# [DIRECTIONS FOR THIS TASK]
Each line of the entries below that includes "Garden" belongs in your answer.

[Saved entries]
--------------------------------------------------

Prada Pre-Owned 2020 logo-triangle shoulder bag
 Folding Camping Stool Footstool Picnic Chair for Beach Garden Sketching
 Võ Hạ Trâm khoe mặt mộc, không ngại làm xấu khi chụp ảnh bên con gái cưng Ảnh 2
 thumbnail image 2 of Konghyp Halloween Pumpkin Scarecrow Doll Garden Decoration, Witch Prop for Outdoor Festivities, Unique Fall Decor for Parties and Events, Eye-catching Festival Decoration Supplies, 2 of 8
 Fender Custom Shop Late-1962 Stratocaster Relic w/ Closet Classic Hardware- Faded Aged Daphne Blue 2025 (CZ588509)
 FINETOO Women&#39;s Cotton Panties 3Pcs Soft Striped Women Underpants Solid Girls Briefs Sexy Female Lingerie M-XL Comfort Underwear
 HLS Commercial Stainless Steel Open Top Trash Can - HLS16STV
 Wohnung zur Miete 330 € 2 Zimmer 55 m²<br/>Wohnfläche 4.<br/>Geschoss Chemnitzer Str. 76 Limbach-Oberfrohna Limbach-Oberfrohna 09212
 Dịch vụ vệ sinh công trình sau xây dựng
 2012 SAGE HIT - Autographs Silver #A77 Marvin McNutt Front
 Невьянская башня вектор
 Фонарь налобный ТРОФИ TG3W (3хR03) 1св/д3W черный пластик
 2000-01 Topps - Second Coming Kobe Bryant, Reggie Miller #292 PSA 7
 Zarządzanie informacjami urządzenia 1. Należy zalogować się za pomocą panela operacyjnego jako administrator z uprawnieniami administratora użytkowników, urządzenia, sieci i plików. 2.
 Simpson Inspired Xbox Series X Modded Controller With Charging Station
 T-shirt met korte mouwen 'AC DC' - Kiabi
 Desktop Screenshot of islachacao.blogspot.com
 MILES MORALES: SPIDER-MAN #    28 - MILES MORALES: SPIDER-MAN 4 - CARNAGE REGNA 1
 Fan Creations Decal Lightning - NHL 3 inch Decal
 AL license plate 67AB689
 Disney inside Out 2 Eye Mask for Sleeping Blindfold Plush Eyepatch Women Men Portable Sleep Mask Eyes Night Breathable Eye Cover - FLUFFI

--------------------------------------------------

# [RESULT]
 Folding Camping Stool Footstool Picnic Chair for Beach Garden Sketching
 thumbnail image 2 of Konghyp Halloween Pumpkin Scarecrow Doll Garden Decoration, Witch Prop for Outdoor Festivities, Unique Fall Decor for Parties and Events, Eye-catching Festival Decoration Supplies, 2 of 8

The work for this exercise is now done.